My next book is currently titled Spirituality in the Smartphone Age. Which raises the question, what is “spirituality”? When growing numbers of people say they are spiritual but not religious, what do they mean by that?

I’m working on that answer for the sake of the book.

There’s been a lot already written about the Internet/digital culture and its effect on us mentally, psychologically and relationally. What does having the whole world in your pocket mean for one’s attention span, or ability to synthesize information? Does constant connectivity make us happier, or more anxious? How does social media bring us closer and drive us apart?

I’m not interested in rehashing those writings so much as bringing them in conversation with one another. In my view, spirituality encompasses mental, psychological, and relational health—and much more. And I don’t see spirituality as a vague woo-woo concept so much as an integration of all aspects of our lives—the ways we observe and think about the world; the ways we move within it; the ties that bind and break. And for many people, spirituality means a connection to something larger than themselves, whether it’s God, a sense of mystery, the human family, or the planetary ecosystem.

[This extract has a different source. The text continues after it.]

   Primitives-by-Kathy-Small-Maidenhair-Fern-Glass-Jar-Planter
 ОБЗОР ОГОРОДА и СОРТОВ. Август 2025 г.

I’ve found two recent definitions that are helping me home in on this. One is from Brene Brown and her book The Gifts of Imperfection:

Spirituality is recognizing and celebrating that we are all inextricably connected to each other by a power greater than all of us, and that our connection to that power and to one another is grounded in love and compassion. Practicing spirituality brings a sense of perspective, meaning, and purpose to our lives.

The other is from Richard Rohr and his book Eager to Love: The Alternative Way of Francis of Assisi. It came to me by way of his daily email. Rohr writes about mysticism, but I think his words relate to spirituality too:

False mysticism, and we have had a lot of it, often feels too much like “my little Jesus and my little me,” and doesn’t seem to make many social, historical, corporate, or justice connections. As Pope Francis says, it is all “too self-referential.”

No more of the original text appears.